__Work instruction__: Below are records; the lines starting at the one with "Fasgear USB C" and ending at the one with "意大利锡耶纳省城镇景观全景图片素材" must be reproduced exactly, both included. Pictures must not appear.

__Supplied material__:
___

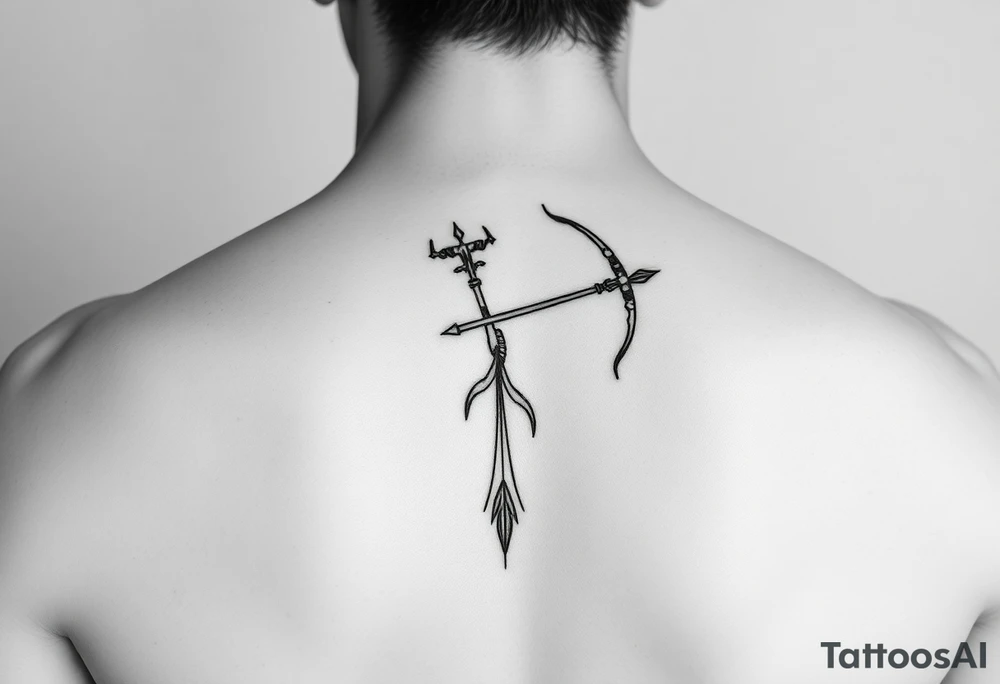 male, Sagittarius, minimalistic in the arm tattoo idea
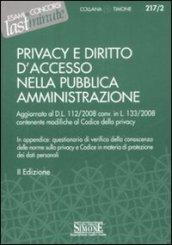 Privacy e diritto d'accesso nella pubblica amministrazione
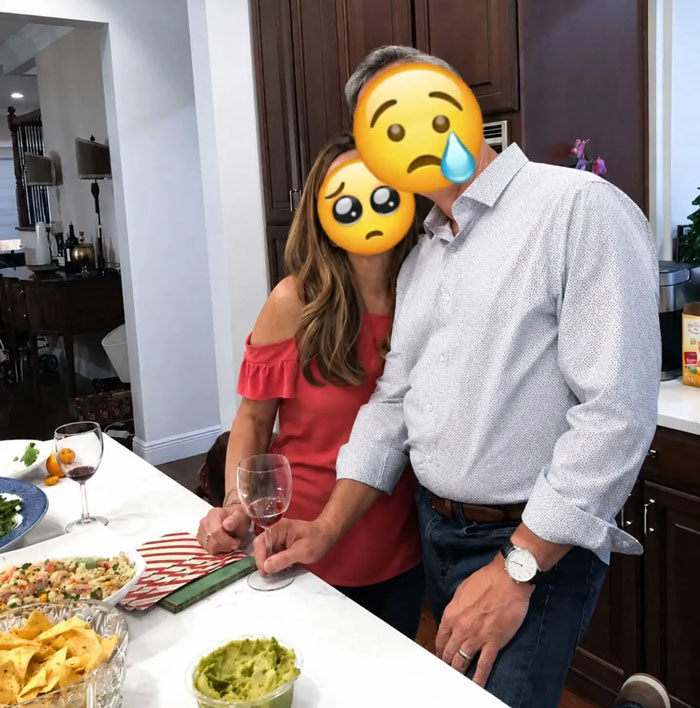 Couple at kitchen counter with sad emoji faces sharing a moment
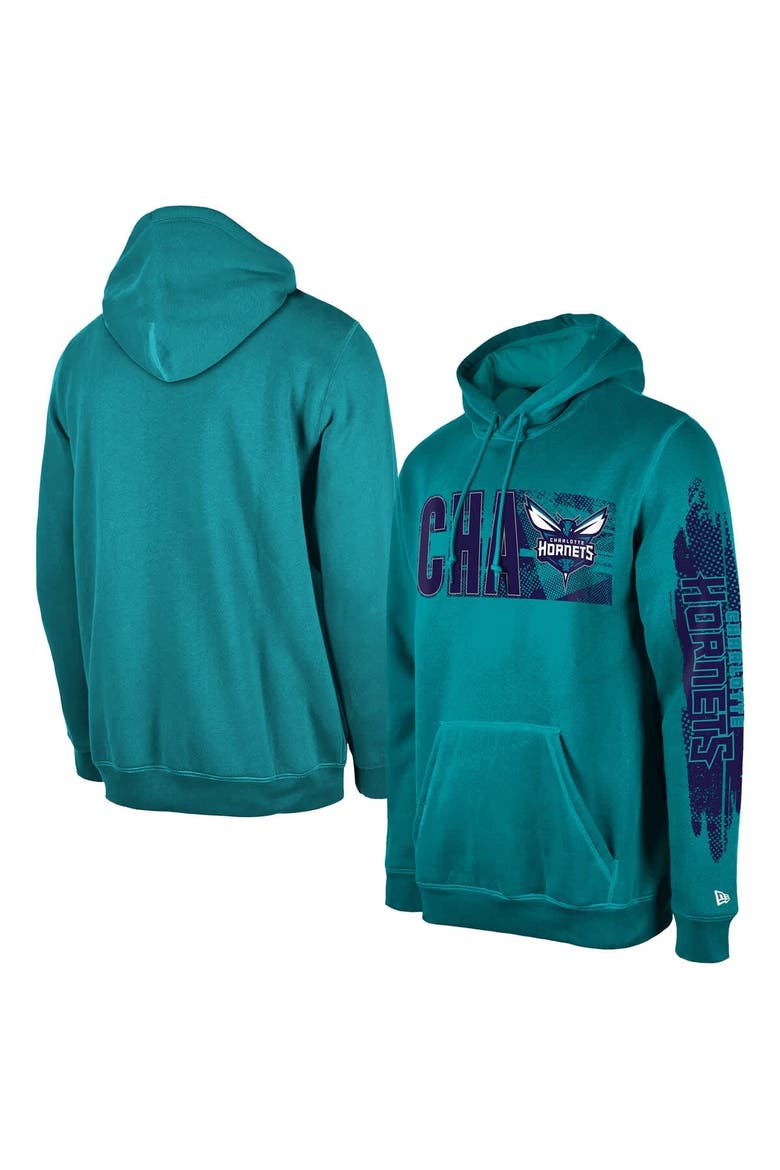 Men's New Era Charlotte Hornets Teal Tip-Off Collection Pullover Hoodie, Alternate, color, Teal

___

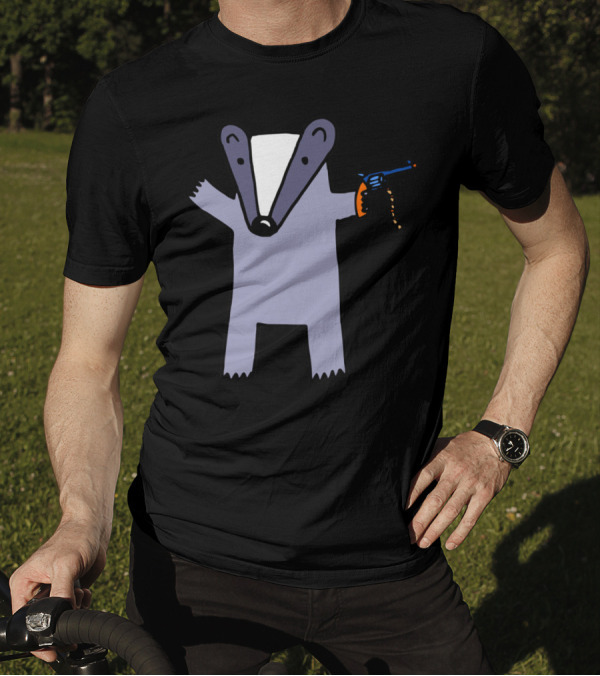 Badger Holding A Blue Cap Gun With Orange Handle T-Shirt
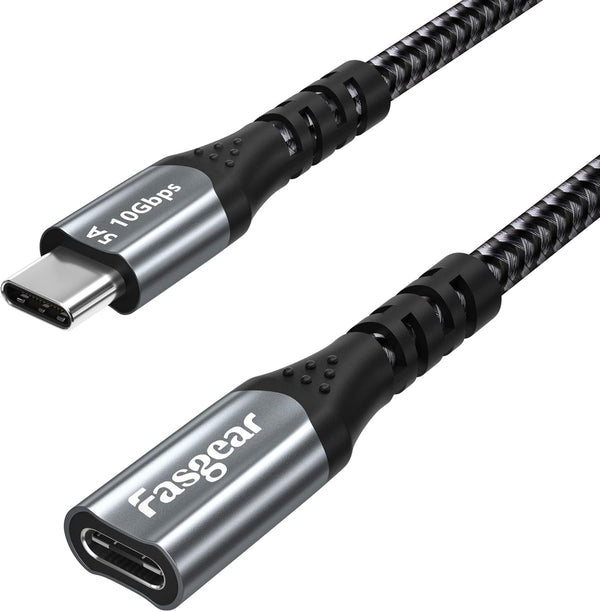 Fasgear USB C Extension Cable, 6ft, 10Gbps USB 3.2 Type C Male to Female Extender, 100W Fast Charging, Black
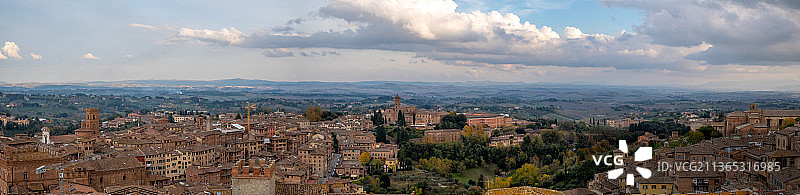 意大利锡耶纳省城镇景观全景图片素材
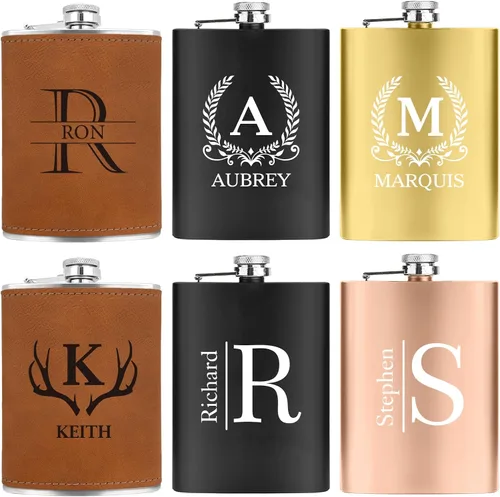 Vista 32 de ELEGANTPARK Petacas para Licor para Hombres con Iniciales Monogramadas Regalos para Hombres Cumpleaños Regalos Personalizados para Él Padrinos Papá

___

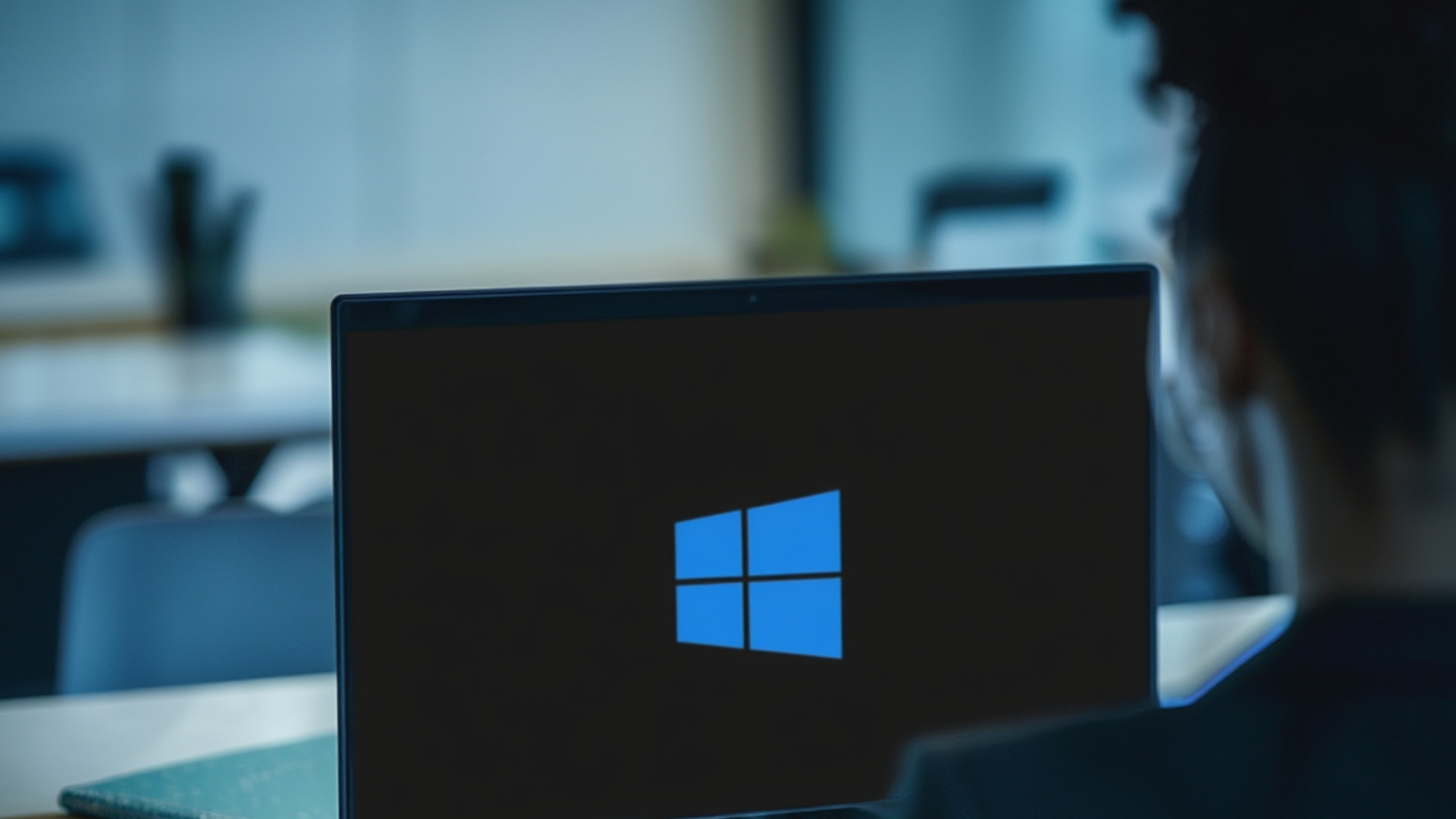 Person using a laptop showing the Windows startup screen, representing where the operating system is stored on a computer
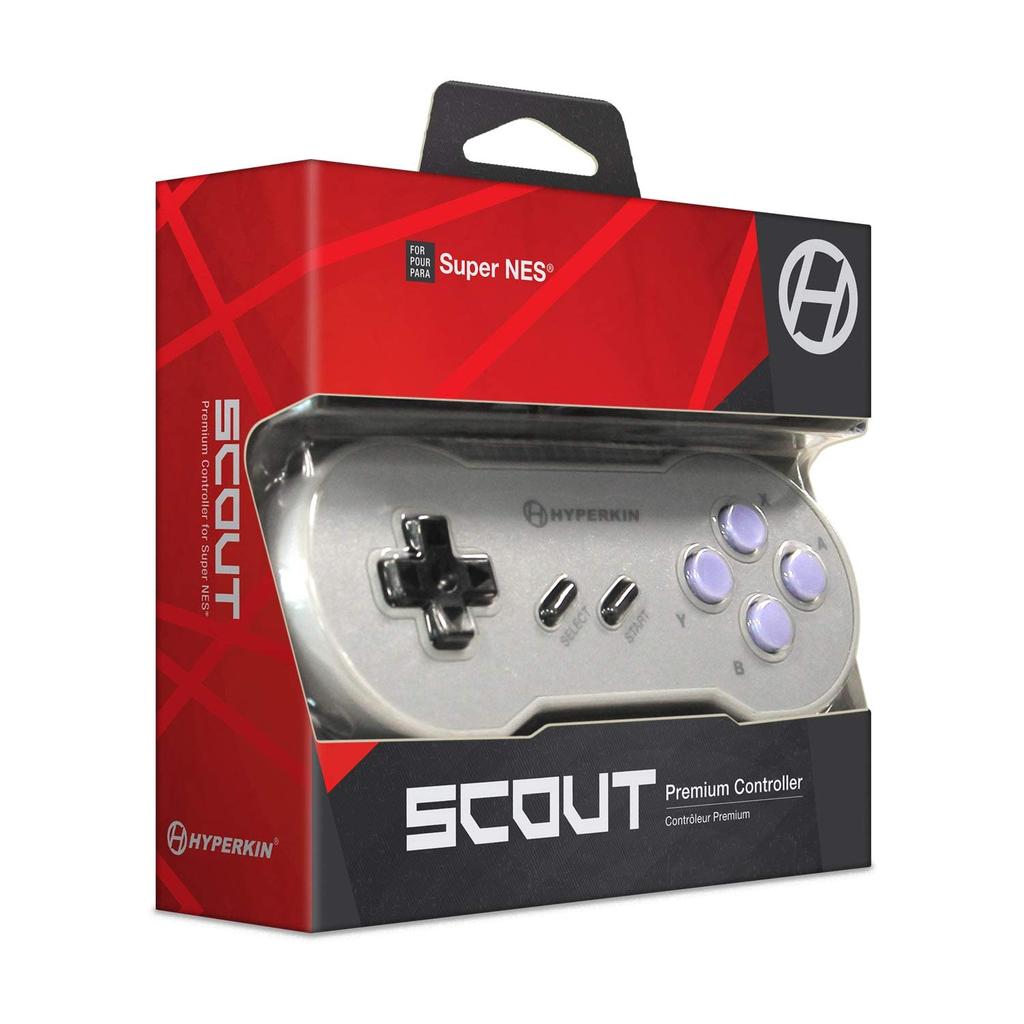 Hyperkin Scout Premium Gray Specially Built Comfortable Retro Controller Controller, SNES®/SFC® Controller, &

___

__Response box__:
 Fasgear USB C Extension Cable, 6ft, 10Gbps USB 3.2 Type C Male to Female Extender, 100W Fast Charging, Black
 意大利锡耶纳省城镇景观全景图片素材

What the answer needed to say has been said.